27. La société Legea, SW, CQ, ET, VW, le gouvernement polonais et la Commission européenne ont déposé des observations écrites.

28. La tenue d’une audience n’a pas été jugée nécessaire.

IV. Appréciation

C.   Observation liminaire

29. La présente procédure préjudicielle porte sur l’interprétation du droit de l’Union en matière de marques et vise à déterminer comment les droits exclusifs attachés à la propriété d’une marque peuvent être exercés lorsque celle-ci appartient à plusieurs cotitulaires (ou copropriétaires) ( 9 ).

30. La juridiction de renvoi indique que « certaines des marques en cause sont des marques de l’Union européenne », mais ne précise pas si c’est le cas ou non pour la marque « Legea » en cause ( 10 ).

31. Il ressort des observations des parties que la controverse a porté sur différents enregistrements (nationaux, de l’Union et internationaux) du signe « Legea » ( 11 ), mais, je le répète, la décision de renvoi ne permet pas de savoir avec certitude si la marque enregistrée à l’EUIPO est bien celle en cause dans la présente procédure préjudicielle ( 12 ).

32. Dans ces circonstances, afin de couvrir toutes les possibilités, il conviendra de procéder à une analyse de la réglementation tant en matière de marques de l’Union européenne que de marques nationales.

33. Les questions préjudicielles posées par la juridiction de renvoi concernent l’interprétation du règlement 2017/1001 et de la directive 2015/2436. Toutefois, comme je l’ai déjà indiqué, je ne pense pas que les dispositions de ces deux textes s’appliquent aux faits du litige, survenus en 1993 et au mois de décembre 2006.

34. En effet :

– la licence aux fins de l’utilisation de la marque a été octroyée en 1993. Il s’agirait donc d’une marque nationale régie par le droit interne, que la directive 89/104 visait à harmoniser.
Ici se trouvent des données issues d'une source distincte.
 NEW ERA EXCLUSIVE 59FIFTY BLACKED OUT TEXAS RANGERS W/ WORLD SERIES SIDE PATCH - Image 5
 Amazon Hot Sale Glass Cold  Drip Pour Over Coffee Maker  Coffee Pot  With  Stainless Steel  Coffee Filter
Ratione temporis, ce n’est pas la directive 2015/2436 qui s’applique à cette marque, mais la directive 89/104 ;

– VW a retiré son consentement à l’octroi de la licence en 2006, c’est‑à-dire avant l’entrée en vigueur du règlement 2017/1001. Si les règles régissant les marques communautaires (par la suite marques de l’Union européenne) étaient applicables à ce retrait de consentement, il s’agirait de celles figurant dans le règlement no 40/94 et non de celles du règlement 2017/1001 ( 13 ).
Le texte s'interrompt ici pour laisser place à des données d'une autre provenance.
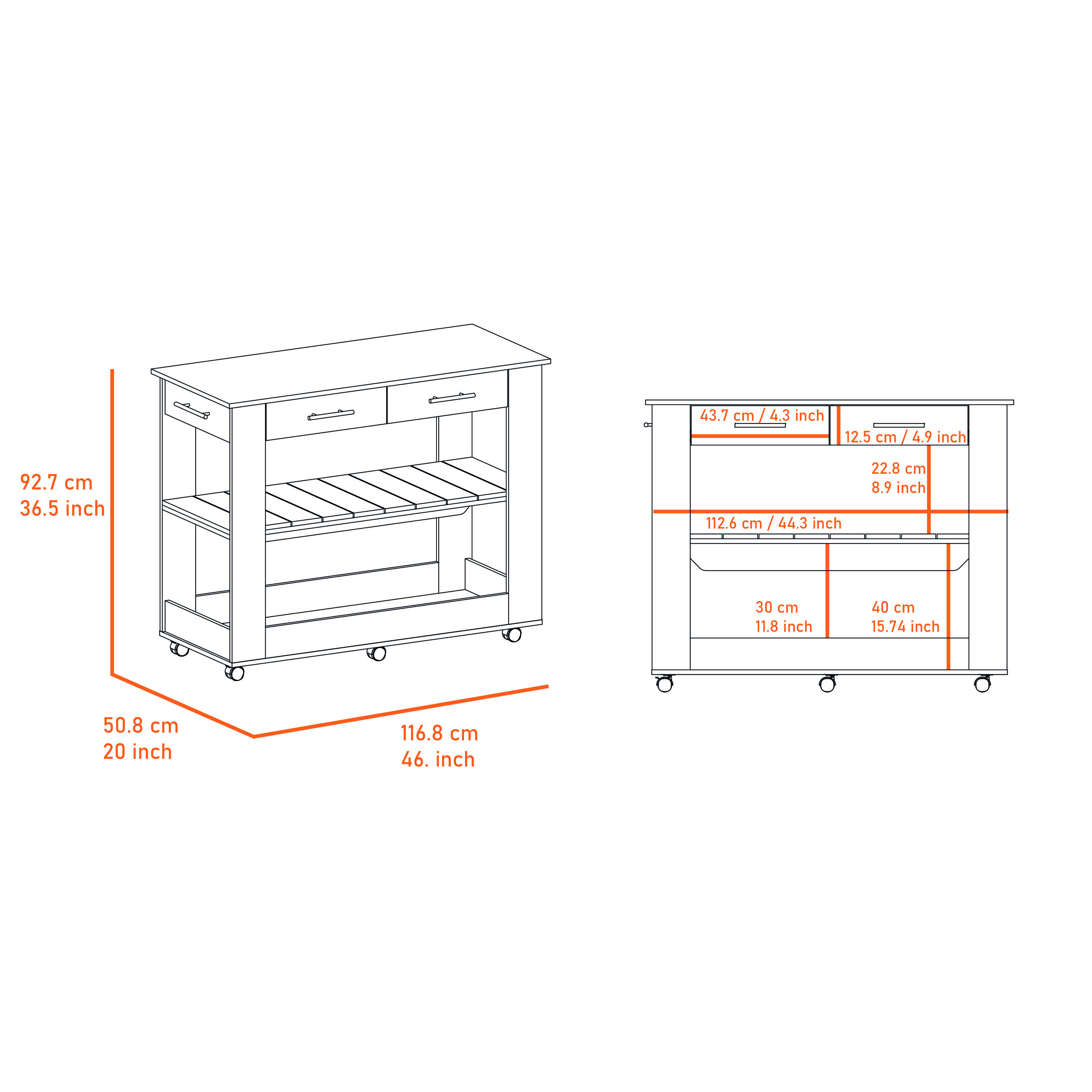 Brooklyn 46 Kitchen Island, Two Shelves, Two Drawers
35. En tout état de cause, étant donné que le contenu des deux blocs législatifs (la directive 89/104 et le règlement no 40/94, d’une part, et la directive 2015/2436 et le règlement 2017/1001, d’autre part) est similaire dans ce domaine, les raisonnements concernant le premier peuvent être transposés au second. Pour mettre en évidence le parallélisme, j’indiquerai les correspondances existantes.

D.   Sur la recevabilité des questions préjudicielles

36. SW, CQ et ET soutiennent que la première question préjudicielle n’est pas nécessaire pour trancher le litige au principal ( 14 ). Ils font valoir que, la licence ayant été octroyée par les cotitulaires à l’unanimité ( 15 ), il n’est pas pertinent de savoir si la majorité suffisait pour prendre une telle décision.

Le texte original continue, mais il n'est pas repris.